The Story Behind The Chartreuse Swizzle
Just like the Piña Verde, this modern classic brings green Chartreuse into the tiki-verse. The herbaceous French liqueur lays the drink’s foundation while pineapple juice, lime juice, and Velvet Falernum add a tropical brightness and a nutty sweetness. A garnish of fresh mint and grated nutmeg emphasizes the cocktail’s aromas.
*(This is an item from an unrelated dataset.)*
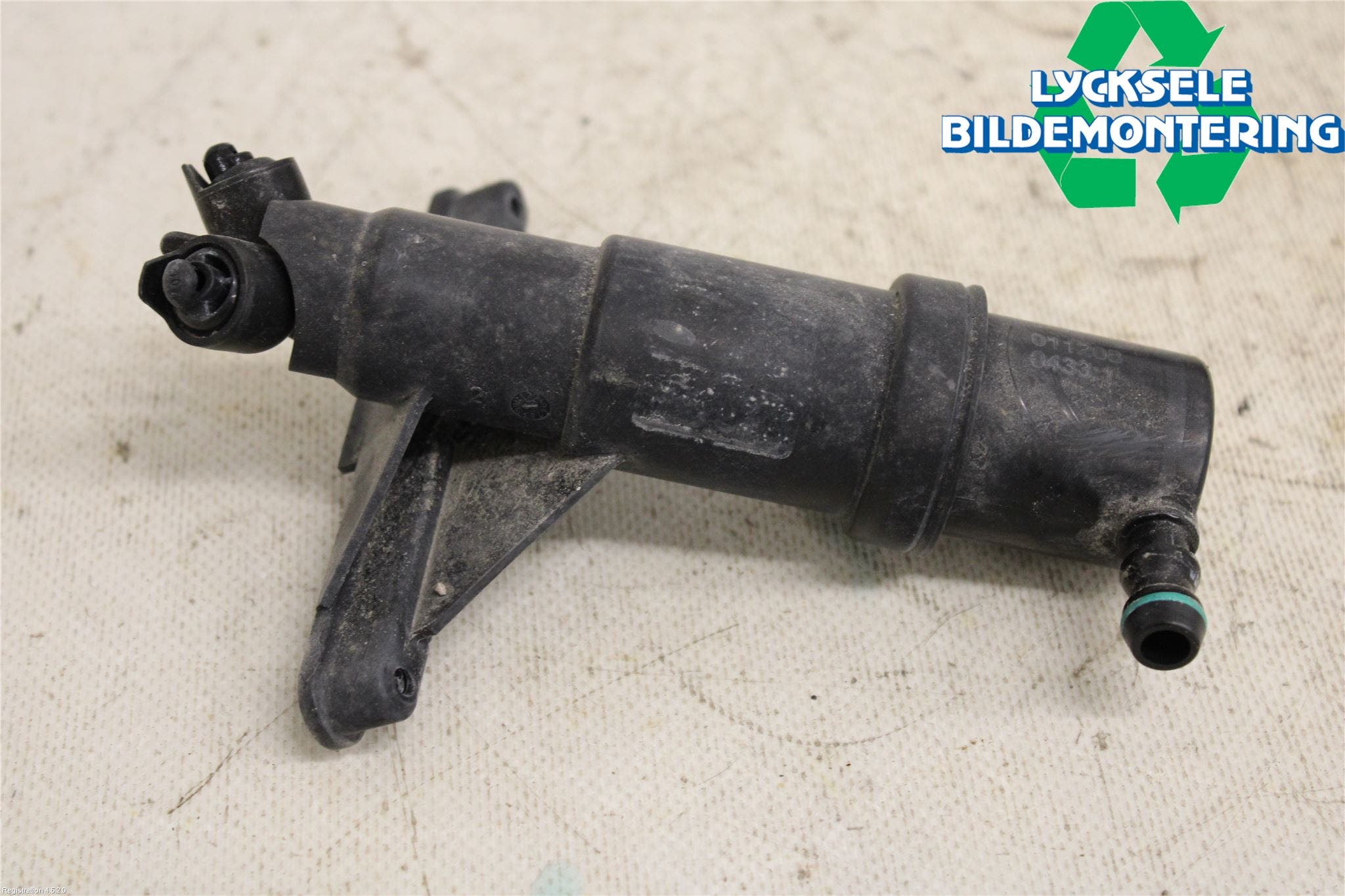 BMW 5 E60/61 Sed/Tou 02-10 Spolarmunstycke Strålkastare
The Chartreuse Swizzle was invented by San Francisco bartender Marcovaldo Dionysos in 2003. According to Robert Simonson’s book “Modern Classic Cocktails,” Fernet and Chartreuse were all the rage at the time, and both were considered “bartender’s handshakes shots” in the California bar scene. Dionysus was no exception to this craze, and he participated in a Chartreuse-sponsored cocktail competition for five years straight, placing among the top three finalists every time. By the fifth year, he was having second thoughts about entering, but joined at the last minute after being encouraged by one of the event’s organizers. The result was the Chartreuse Swizzle, and Dionysus took home the gold.
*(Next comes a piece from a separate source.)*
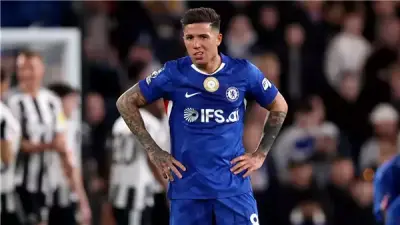 ريال مدريد يستعد للتضحية بكامافينجا لتعزيز صفوفه بإنزو فرنانديز الصيف المقبل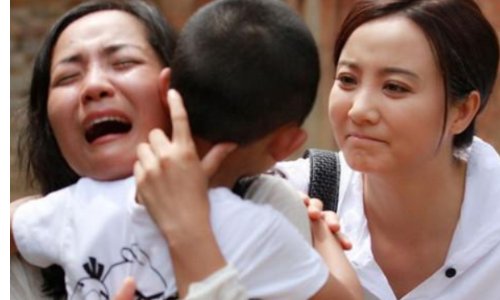 为什么梅姨要偷别人的孩子？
The drink made its menu debut at Harry Denton’s Starlight Room, where Dionysos was working at the time. There, it enjoyed mild success, but its boom in popularity came in 2008 when it appeared on the opening menu of San Francisco’s Clock Bar, the brainchild of celebrity chef Michael Mina. Since then, the Chartreuse Swizzle has taken on a life of its own, showing up on bar menus all over the world.
Green Chartreuse’s notes of basil, pine, and light citrus make an unlikely but perfect companion to the tropical pop of pineapple juice. Lime juice adds a balancing zip of acidity, and Velvet Falernum, a spiced Caribbean sugar cane liqueur, accentuates the drink’s sweet components while adding robust clove undertones. The “swizzle” element is also emblematic of classic tropical rum beverages, such as Trinidad’s Queen’s Park Swizzle and Martinique’s Ti’ Punch. Both cocktails employ the use of swizzle sticks, whose roots trace back to 17th century rum plantations in the West Indies.
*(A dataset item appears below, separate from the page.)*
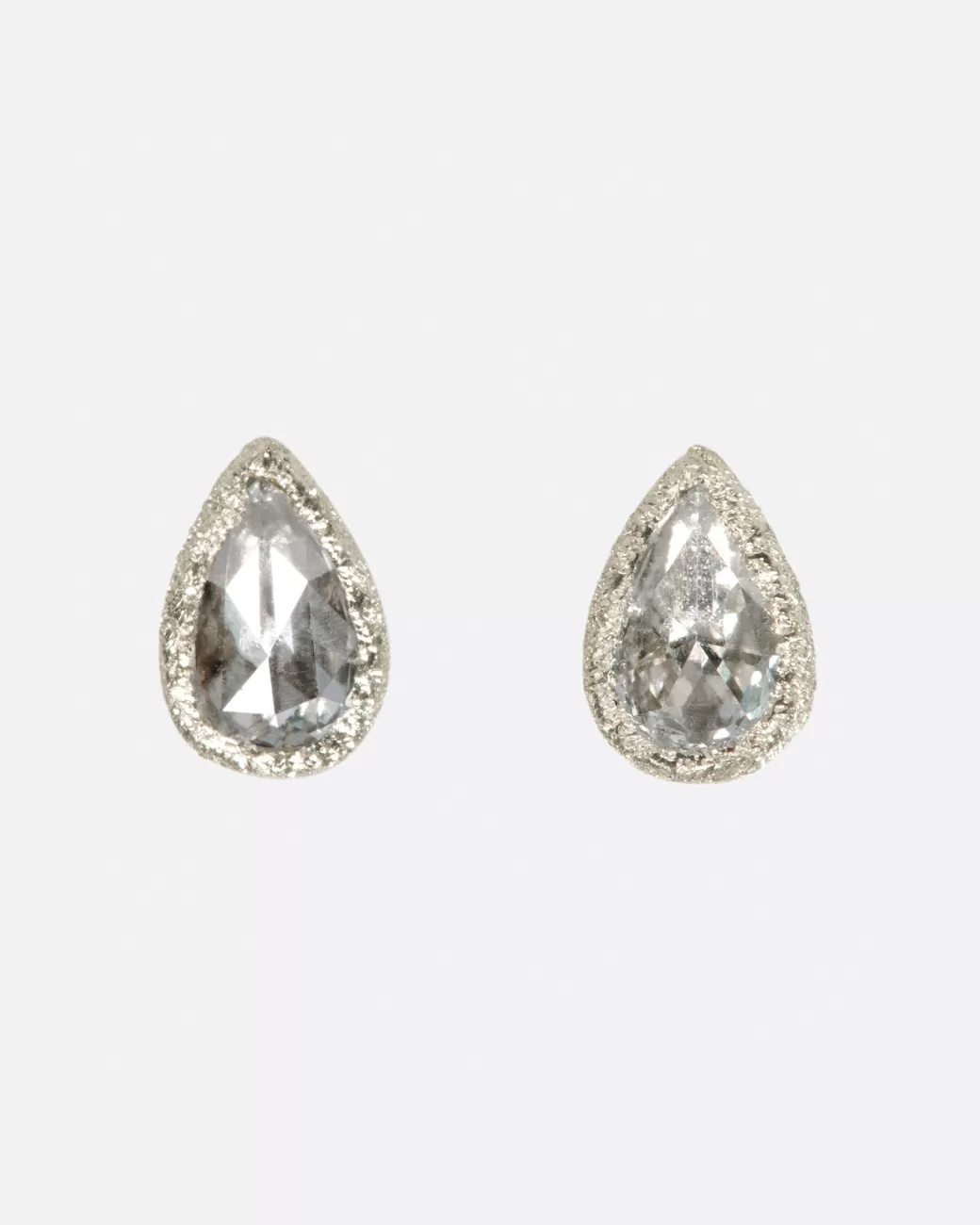 Contemporary>TODD POWNELL Pear Shaped Diamond Studs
While the first swizzle sticks were made from the frayed branches of Quararibea turbinata, a.k.a. “the swizzle stick tree,” modern iterations of the tool are typically made from plastic, glass, or stainless steel. However, some barware companies out there sell hand-harvested custom swizzle sticks made from actual Quararibea turbinata branches. Regardless of source material, a swizzle stick is designed to be inserted into a glass full of ingredients — frayed side down — and rolled back and forth between the bartender’s hands to mix the drink. All in all, the Chartreuse Swizzle is a simple drink to make, but its flavor profile is anything but.